Niamey is the capital city of Niger, situated on the Niger River and with a population around 1.4 million.  Its urban food system faces multiple pressures: seasonal rainfall, recurrent floods, weak infrastructure and limited local agricultural supply chains, especially for fresh vegetables.  AfriFOODlinks supports Niamey in strengthening urban agriculture (including seed-nursery development), boosting local vegetable production, improving food-safety infrastructure, and enhancing policies and capacities for healthier food environments.


3. Quelimane, Mozambique

Quelimane is a coastal city in Mozambique, identified within the AfriFOODlinks city-list of sharing cities.  Although detailed public profile is less extensive, the project identifies Quelimane as a city where pilot interventions will target market infrastructure, urban agriculture and inclusive governance of food systems. The aim is to strengthen the city’s resilience by improving fresh-food access, reducing food loss and integrating youth and women into agrifood innovation.


4. Tamale, Ghana

Tamale (Northern Ghana) appears in AfriFOODlinks’ “State of the City Food System” reports list.  The city presents a dynamic food environment: rapid urban growth, a strong informal sector, reliance on local agriculture and significant nutrition and access challenges. Under the project Tamale is engaged in piloting innovations that strengthen food-system governance, enhance market and vendor systems, reduce waste and improve diet quality for urban residents.


5. Windhoek, Namibia

Windhoek, the capital of Namibia, is also a sharing city in the AfriFOODlinks network.  While specific details of the pilot are still emerging, the city’s intervention focuses on enhancing urban agriculture (e.g., urban farms), strengthening fresh-food supply chains and reducing dependence on long-distance food flows — thus improving local food resilience and enabling more inclusive agrifood enterprise.
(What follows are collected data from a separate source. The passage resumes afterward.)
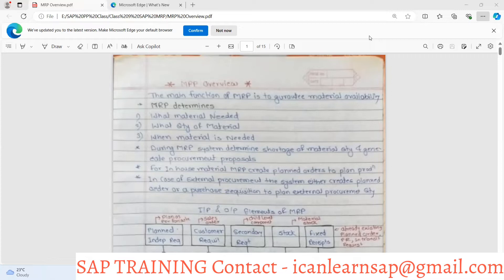After the MRP run, the system will ensure that raw material will be available, along with your semi-finished and finished products as per your customer demand. In demand management we upload the demand in MD61 at different dates. On those particular dates it will be required to have finished goods. In order to have finished goods we should do the planning of the raw material. Since raw material is not available with you, you have to send a purchase order to the vendor, and from that perspective we should know at what day we should send the purchase order.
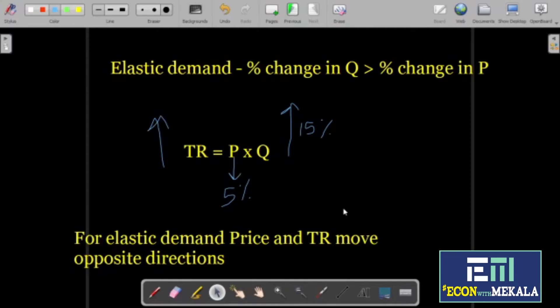So the rule for elastic demand: when you change prices, total revenue will go in the opposite direction of price. This is for price elastic products.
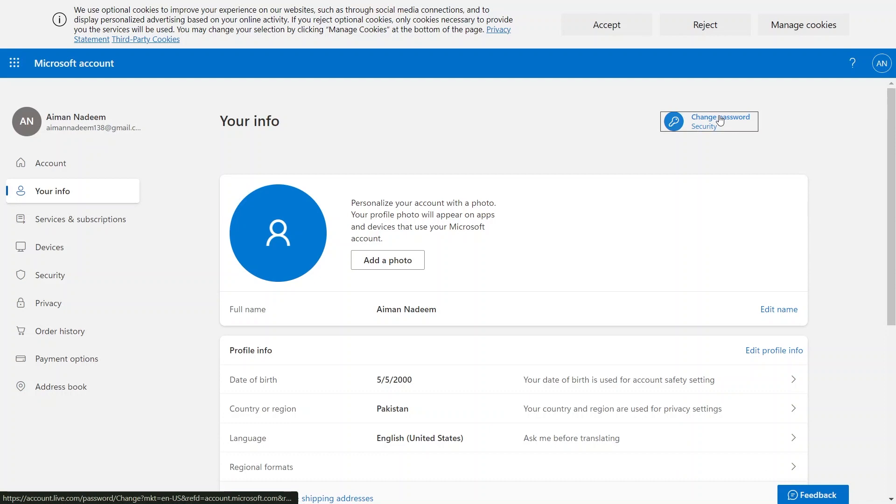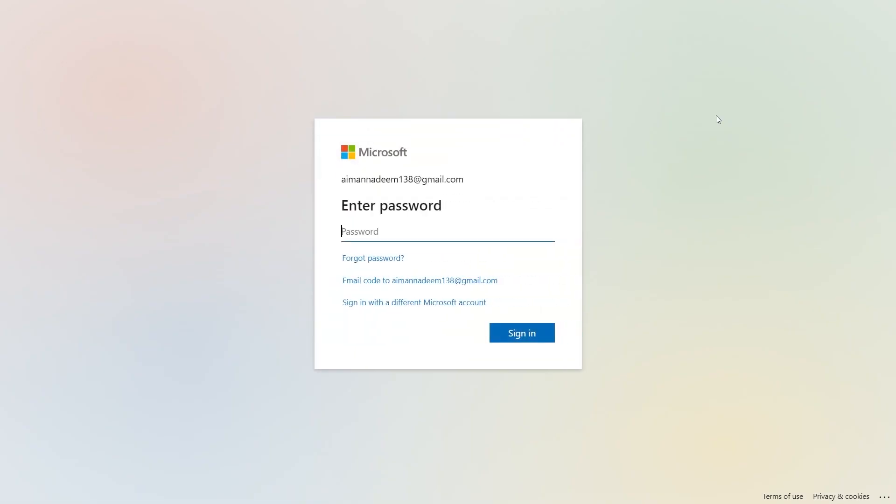Click on the Change Password option given in the top right corner. Next, add the password of your Microsoft account to continue.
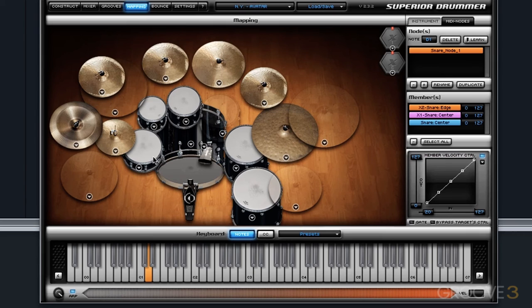Now if I play a groove, or if I play the D1 key, I'm hearing all three snares at the same time.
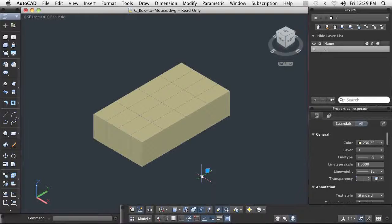The ability to edit meshes is the most compelling reason to use mesh modeling. You can split and sculpt a basic mesh model into organic shapes almost unrecognizable from the original. You can edit mesh faces, edges, and vertices.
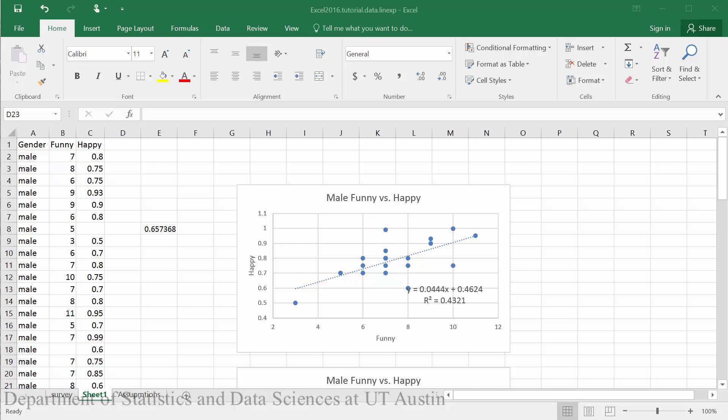In this tutorial, you will learn how to create residual plots in Excel 2016 in order to check assumptions for a linear test. You should have already created a scatter plot and a linear model for your data using the previous tutorials.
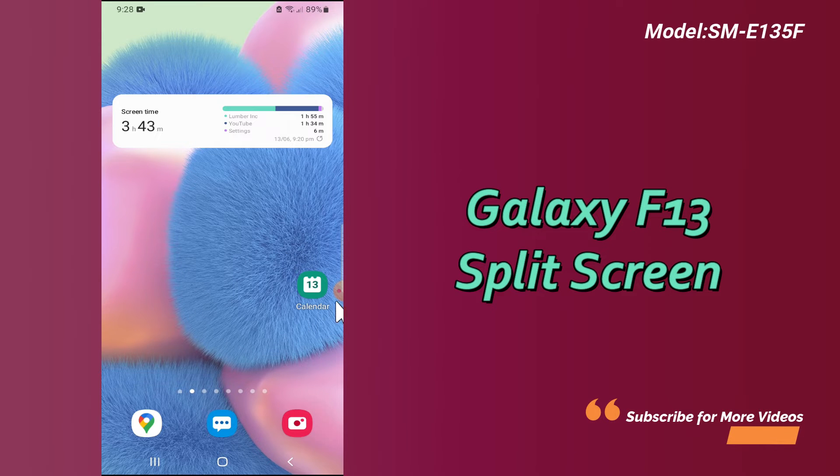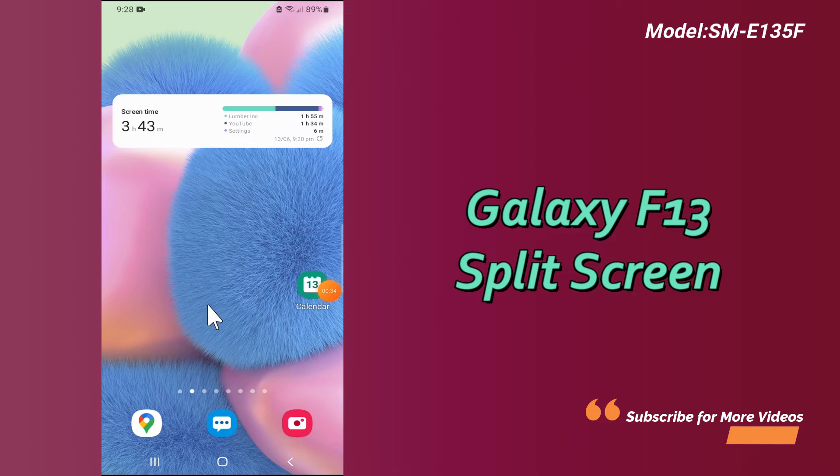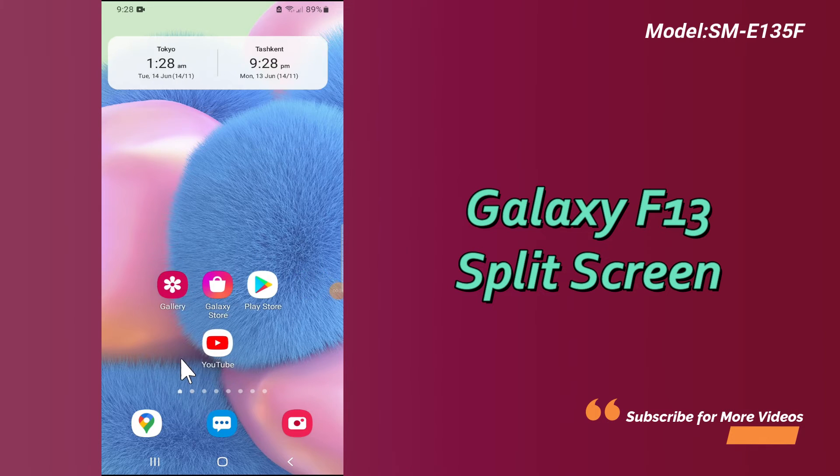Follow the steps and watch the complete video, and you will learn how you can enable or use the split screen in your device. Let's watch it.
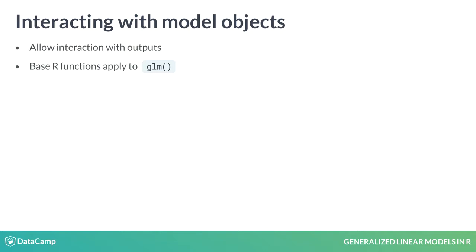These functions allow us to easily access some parts of models. Thus, rather than needing to manually interrogate and extract model outputs, R gives helpful shortcuts. These shortcuts allow us to see model outputs with functions like print, and also make statistical inferences with functions like summary.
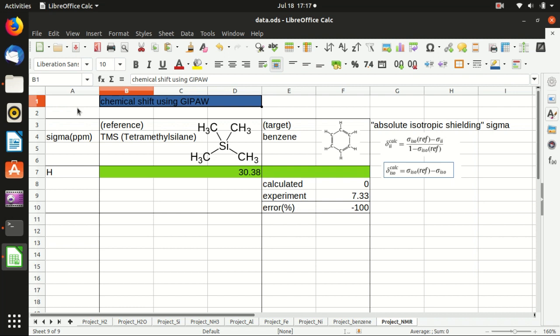Hello everyone, welcome back to my channel. In the last video, I showed you how to calculate the chemical shift in the reference molecule, tetramethylsilane. In experiments, this is defined to be the zero point of the chemical shift.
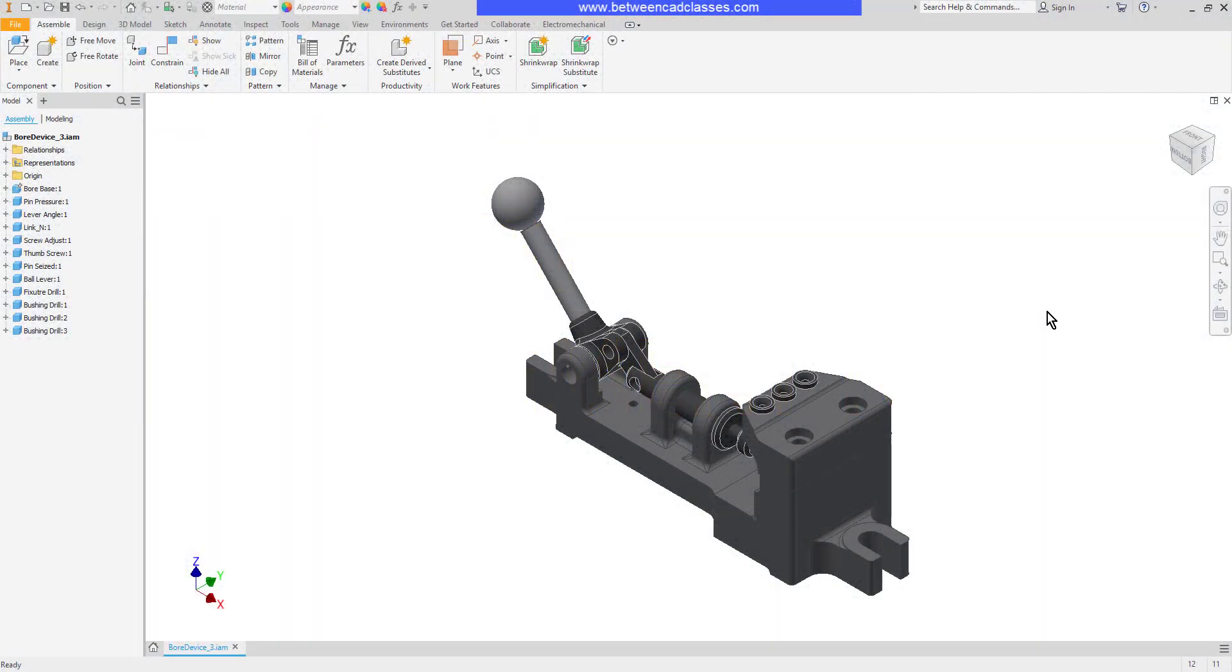In this video, we're going to take a look at some measurement and mass properties tools available to us in Autodesk Inventor.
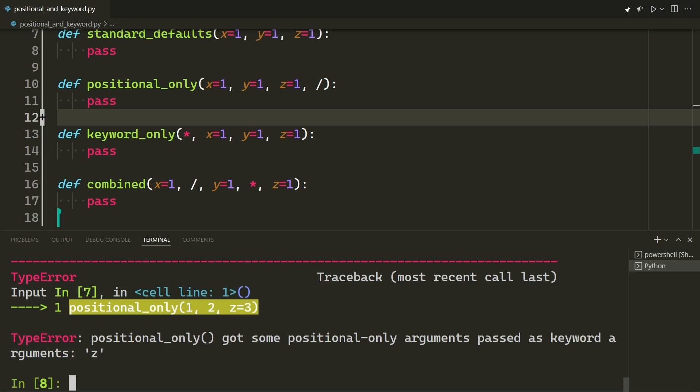Right. So, new feature 3.8 upwards. Now, you can actually say this needs to be a positional argument, but you can still have the default values. Right. Exactly. You can just call it without any input still, as you did before. Yeah, exactly. I think it just gives you a bit more of flexibility or it allows you to customize how you want this function to be called, how you want it to be used.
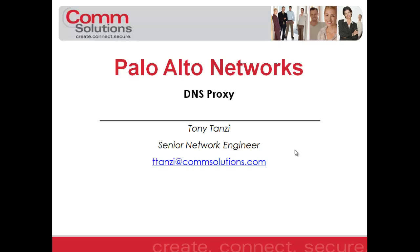DNS Proxy allows us to direct DNS queries to a Layer 3 interface on the firewall, which can then be directed to various DNS servers based upon the domain configuration on the firewall. So let's take a look.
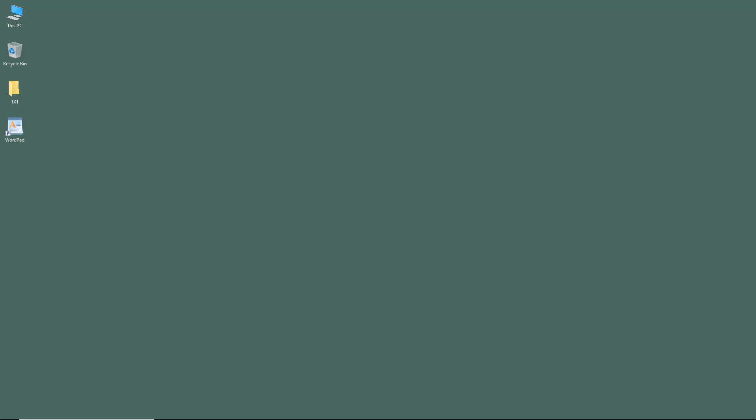WordPad is a default word editing software that comes pre-installed with Windows. In this video, we're going to learn how to use WordPad that comes with Windows 10, but this course can be followed along with older versions of Microsoft Windows WordPad as well, or newer versions that may be released later on.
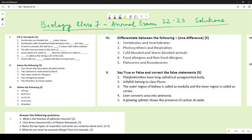Let us start with our biology solutions for class 1 annual examination. For fill in the blanks: vertebrates are divided into five major classes — Pisces, Aves, Reptiles, Amphibians, and Mammalia. Vertebrates with streamlined bodies belong to class Aves and Pisces — these are the two classes to which animals with streamlined bodies belong.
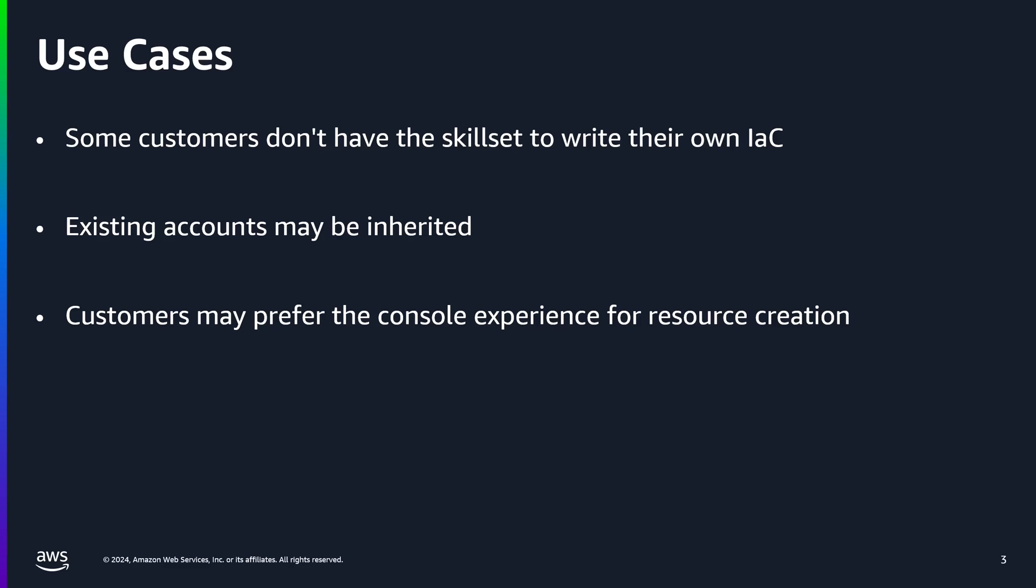Existing accounts may have been inherited by your organization, business unit, or team, and the resources within those accounts may have been created manually. Customers may just have a preference for working in the console environment or using the AWS CLI to create their resources.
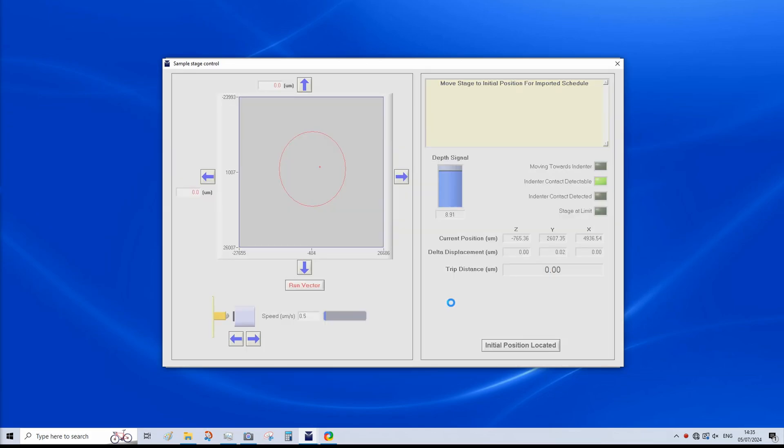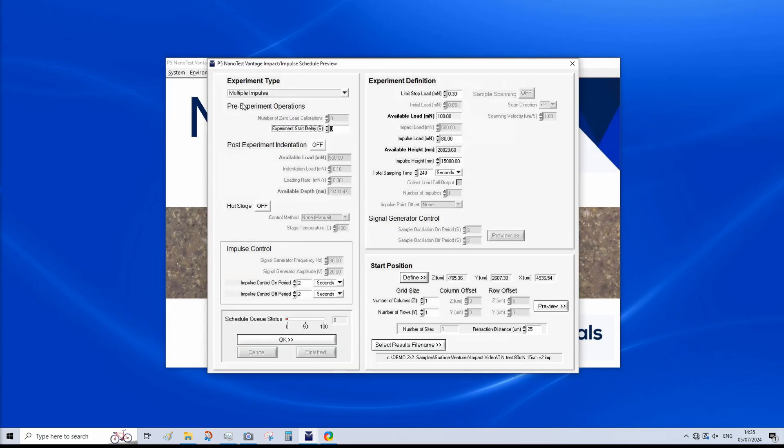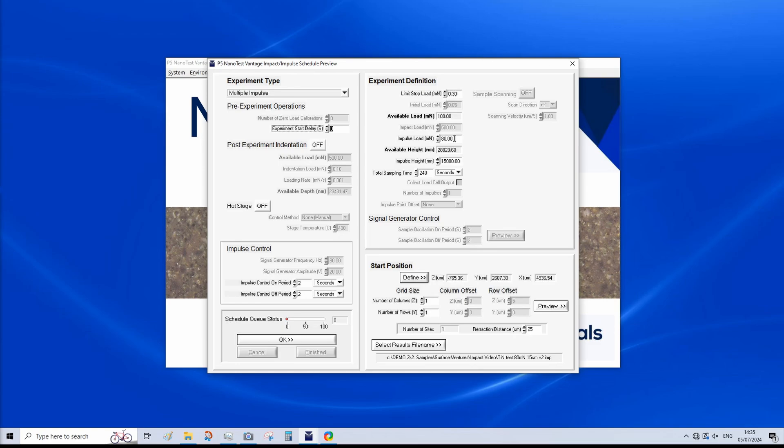So we've selected the multiple impulse option, or impact in this case. Now we can input, or have inputted, the key parameters, such as impact load. In this case, we have 80 millinewtons. And this is the normal force applied through the load head. The impulse height, also referred to as the acceleration distance. The impulse height here is 15,000 nanometers, or 15 microns. And the impact frequency. So we can see this just here under impulse, pulse control. There's two seconds on and two seconds off, which gives us one impact every four seconds.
6. Bukavu, Democratic Republic of the Congo

Bukavu, in eastern DRC, is part of the AfriFOODlinks sharing-city list.  Its food system is challenged by conflict-sensitive logistics, weak market infrastructure, food-waste issues, and limited formal agri-business activity. The project’s work there aims to pilot circular economy approaches (e.g., composting, waste-to-value), empower youth and women agripreneurs, and improve governance of informal markets.


7. Dakar, Senegal

Dakar appears as one of the pilot target sharing cities in Africa for AfriFOODlinks.The city is working on school-feeding programmes with local supply of millet, beans, moringa and fruits, demonstrating how urban food security interventions can be anchored in schools. It is also focusing on healthier diets, better market environments and inclusive local governance of food.


8. Antananarivo, Madagascar

Antananarivo is included in the city-exchange and sharing-city programme of AfriFOODlinks.  The city’s food system is under pressure from climate hazards, urban expansion and low resilience of peri-urban agriculture. The project focuses on enabling youth-led food-system innovation, strengthening urban agriculture and waste management, and connecting local value creation to markets.


9. Lusaka, Zambia

Lusaka is listed among the sharing-city cohort of AfriFOODlinks, with pilot project infographics referenced.  The city is engaged in developing a local “Food Systems Office” to bring together governance, youth entrepreneurship and informal-sector market actors. The focus is on strengthening local supply chains, reducing loss, enabling women and youth agripreneurs and integrating food-system thinking into urban planning.


10. Chefchaouen, Morocco

Chefchaouen appears on the list of project cities under AfriFOODlinks (sharing city) although much less information is currently publicly summarised.  The intervention is expected to focus on Mediterranean-African interface issues: small-scale agriculture, market integration, cultural food heritage and inclusive local governance, leveraging the city’s rural-urban food-system linkages and tourism economy.